| TASK DETAILS |
From the line that contains "Spoon Ring　No.6682　19号" down to the last line of the data below, restate every line word for word, skipping any images.

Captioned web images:
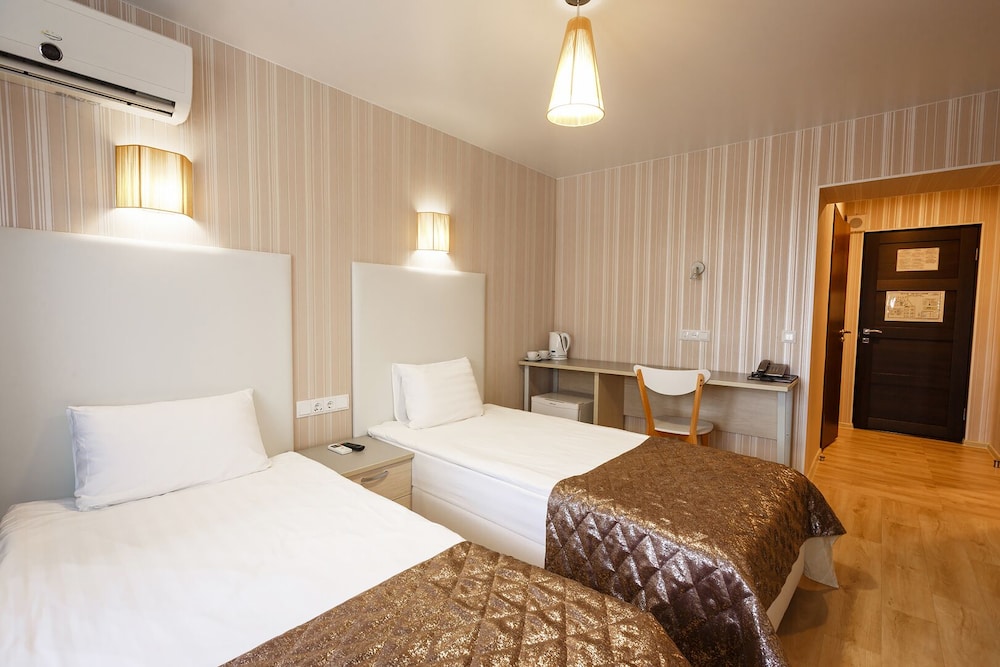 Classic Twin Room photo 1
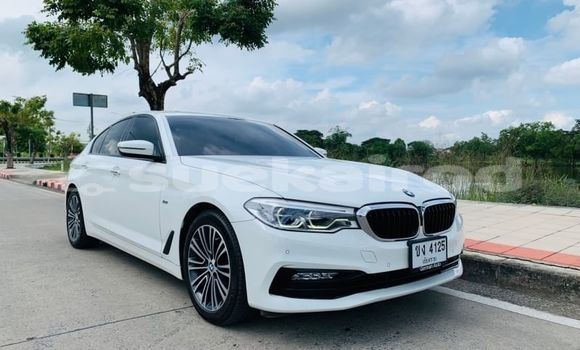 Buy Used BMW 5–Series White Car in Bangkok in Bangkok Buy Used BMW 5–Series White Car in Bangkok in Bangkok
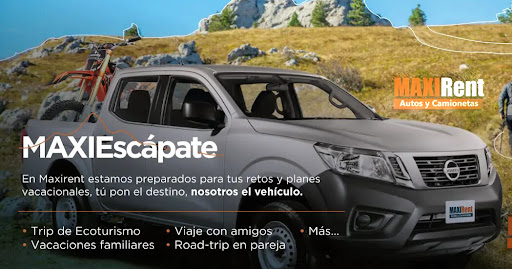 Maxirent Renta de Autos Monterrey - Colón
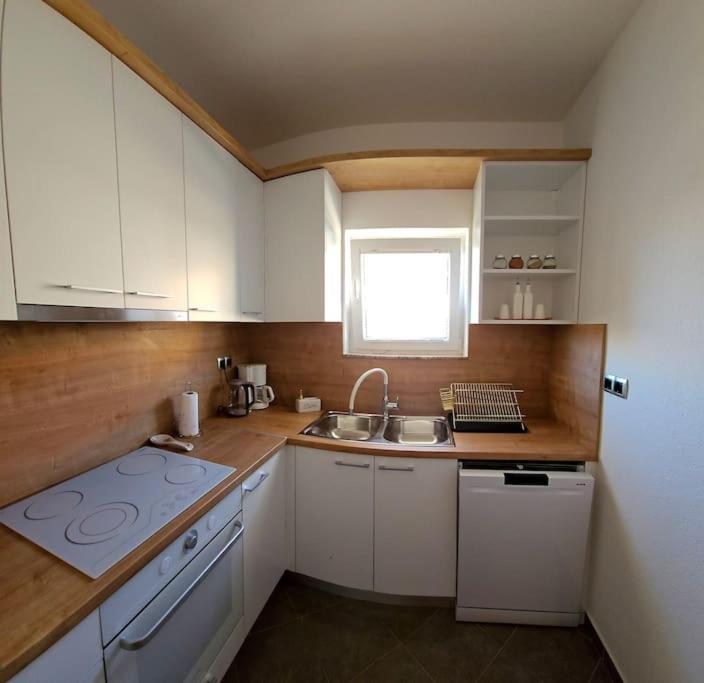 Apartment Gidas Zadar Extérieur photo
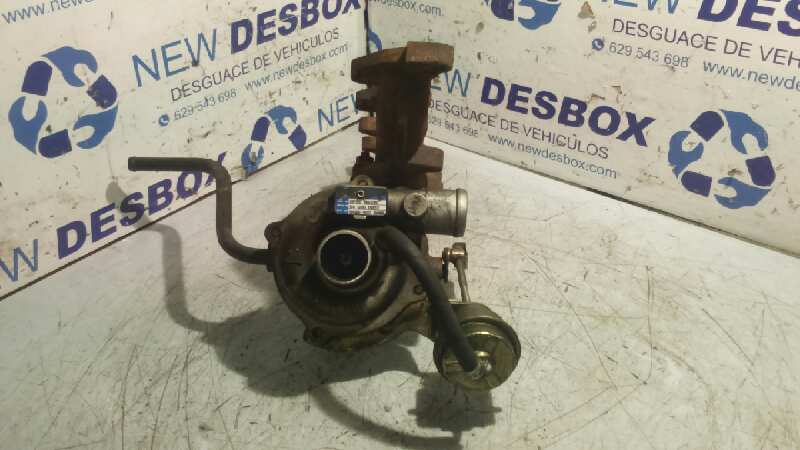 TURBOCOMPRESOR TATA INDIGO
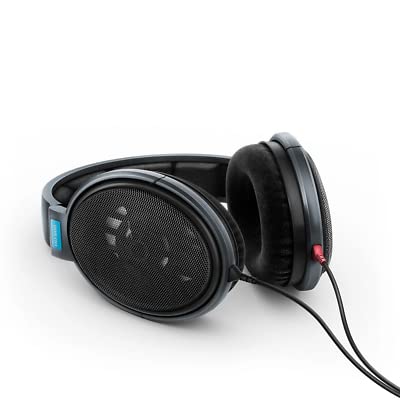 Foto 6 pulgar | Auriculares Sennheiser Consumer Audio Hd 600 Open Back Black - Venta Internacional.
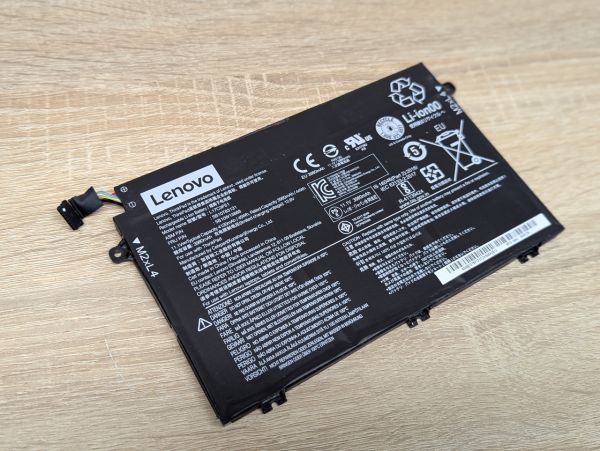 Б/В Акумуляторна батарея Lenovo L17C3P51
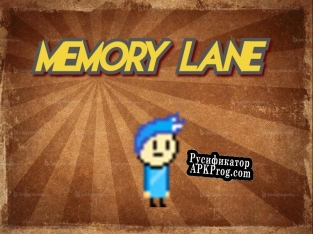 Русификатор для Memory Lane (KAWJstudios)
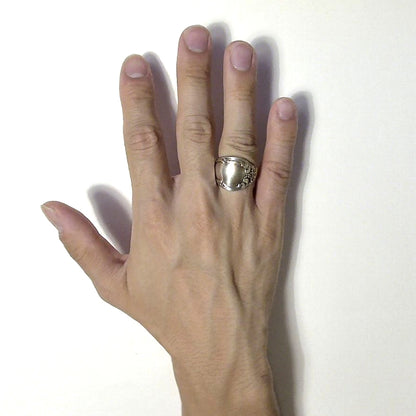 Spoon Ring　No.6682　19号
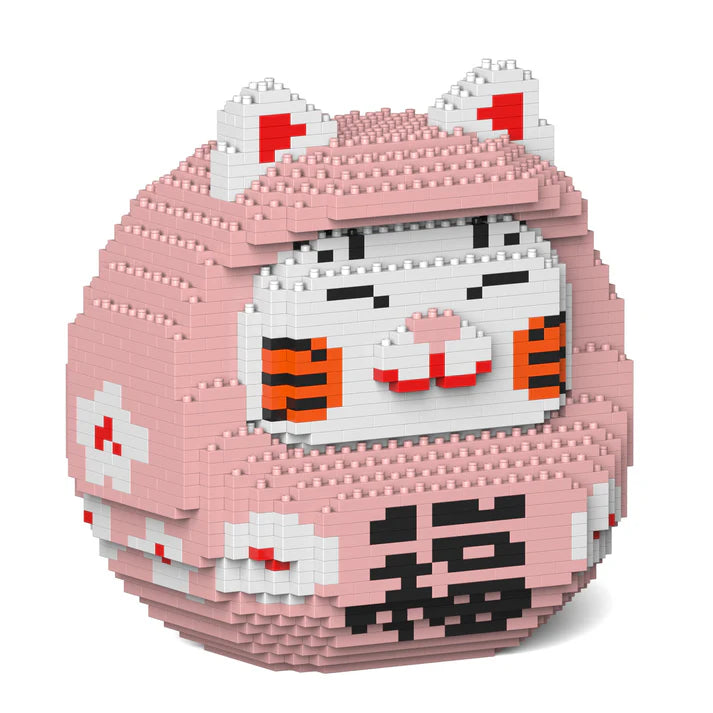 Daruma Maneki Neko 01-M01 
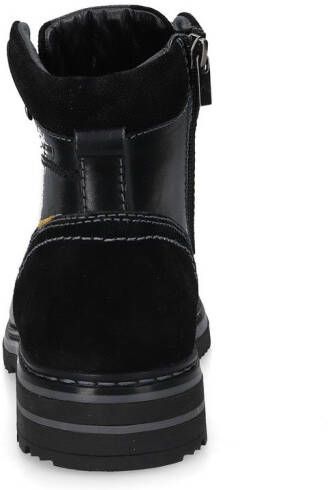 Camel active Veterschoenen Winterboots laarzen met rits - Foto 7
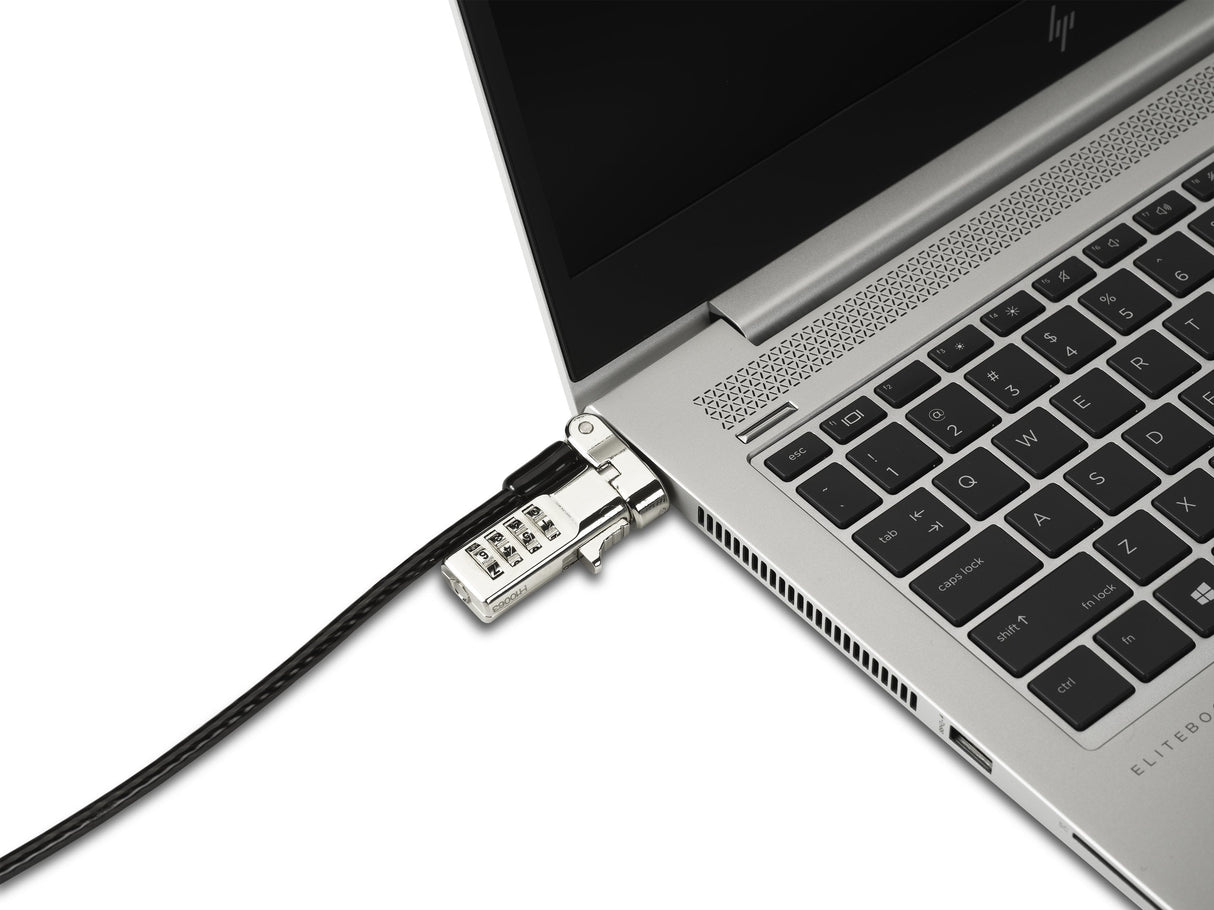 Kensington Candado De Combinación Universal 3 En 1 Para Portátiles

| TASK OUTPUT |
 Spoon Ring　No.6682　19号
 Daruma Maneki Neko 01-M01 
 Camel active Veterschoenen Winterboots laarzen met rits - Foto 7
 Kensington Candado De Combinación Universal 3 En 1 Para Portátiles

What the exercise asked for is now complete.